Recorded data:
--------------------------------

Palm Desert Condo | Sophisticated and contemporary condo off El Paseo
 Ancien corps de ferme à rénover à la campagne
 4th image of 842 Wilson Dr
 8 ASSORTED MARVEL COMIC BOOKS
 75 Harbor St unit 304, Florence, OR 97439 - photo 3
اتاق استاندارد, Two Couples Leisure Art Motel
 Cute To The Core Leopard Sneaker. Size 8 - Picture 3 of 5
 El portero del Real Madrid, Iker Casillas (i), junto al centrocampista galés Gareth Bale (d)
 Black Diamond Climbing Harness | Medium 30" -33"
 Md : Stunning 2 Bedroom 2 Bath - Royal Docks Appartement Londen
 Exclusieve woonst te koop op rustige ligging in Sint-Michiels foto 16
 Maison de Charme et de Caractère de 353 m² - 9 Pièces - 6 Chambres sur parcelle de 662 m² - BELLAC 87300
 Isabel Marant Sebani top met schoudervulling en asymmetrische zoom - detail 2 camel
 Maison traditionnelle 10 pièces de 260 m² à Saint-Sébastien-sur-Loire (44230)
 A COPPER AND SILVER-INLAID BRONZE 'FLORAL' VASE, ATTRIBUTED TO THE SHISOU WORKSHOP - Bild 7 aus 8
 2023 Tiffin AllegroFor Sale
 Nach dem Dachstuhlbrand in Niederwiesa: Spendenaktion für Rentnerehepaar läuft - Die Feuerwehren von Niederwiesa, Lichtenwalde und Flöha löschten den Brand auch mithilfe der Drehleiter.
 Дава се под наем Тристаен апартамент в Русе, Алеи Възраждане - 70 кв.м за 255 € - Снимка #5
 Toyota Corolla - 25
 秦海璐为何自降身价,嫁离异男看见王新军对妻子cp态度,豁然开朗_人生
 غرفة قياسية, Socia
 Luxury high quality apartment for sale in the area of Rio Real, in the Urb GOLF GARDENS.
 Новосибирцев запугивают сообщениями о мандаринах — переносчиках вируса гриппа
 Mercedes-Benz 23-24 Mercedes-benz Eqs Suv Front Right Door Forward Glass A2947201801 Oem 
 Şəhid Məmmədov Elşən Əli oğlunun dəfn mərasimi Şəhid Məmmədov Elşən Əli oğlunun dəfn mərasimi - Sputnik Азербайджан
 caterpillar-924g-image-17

--------------------------------

Exercise brief:
The records above are to be repeated exactly, in their entirety.

Solved exercise:
Palm Desert Condo | Sophisticated and contemporary condo off El Paseo
 Ancien corps de ferme à rénover à la campagne
 4th image of 842 Wilson Dr
 8 ASSORTED MARVEL COMIC BOOKS
 75 Harbor St unit 304, Florence, OR 97439 - photo 3
اتاق استاندارد, Two Couples Leisure Art Motel
 Cute To The Core Leopard Sneaker. Size 8 - Picture 3 of 5
 El portero del Real Madrid, Iker Casillas (i), junto al centrocampista galés Gareth Bale (d)
 Black Diamond Climbing Harness | Medium 30" -33"
 Md : Stunning 2 Bedroom 2 Bath - Royal Docks Appartement Londen
 Exclusieve woonst te koop op rustige ligging in Sint-Michiels foto 16
 Maison de Charme et de Caractère de 353 m² - 9 Pièces - 6 Chambres sur parcelle de 662 m² - BELLAC 87300
 Isabel Marant Sebani top met schoudervulling en asymmetrische zoom - detail 2 camel
 Maison traditionnelle 10 pièces de 260 m² à Saint-Sébastien-sur-Loire (44230)
 A COPPER AND SILVER-INLAID BRONZE 'FLORAL' VASE, ATTRIBUTED TO THE SHISOU WORKSHOP - Bild 7 aus 8
 2023 Tiffin AllegroFor Sale
 Nach dem Dachstuhlbrand in Niederwiesa: Spendenaktion für Rentnerehepaar läuft - Die Feuerwehren von Niederwiesa, Lichtenwalde und Flöha löschten den Brand auch mithilfe der Drehleiter.
 Дава се под наем Тристаен апартамент в Русе, Алеи Възраждане - 70 кв.м за 255 € - Снимка #5
 Toyota Corolla - 25
 秦海璐为何自降身价,嫁离异男看见王新军对妻子cp态度,豁然开朗_人生
 غرفة قياسية, Socia
 Luxury high quality apartment for sale in the area of Rio Real, in the Urb GOLF GARDENS.
 Новосибирцев запугивают сообщениями о мандаринах — переносчиках вируса гриппа
 Mercedes-Benz 23-24 Mercedes-benz Eqs Suv Front Right Door Forward Glass A2947201801 Oem 
 Şəhid Məmmədov Elşən Əli oğlunun dəfn mərasimi Şəhid Məmmədov Elşən Əli oğlunun dəfn mərasimi - Sputnik Азербайджан
 caterpillar-924g-image-17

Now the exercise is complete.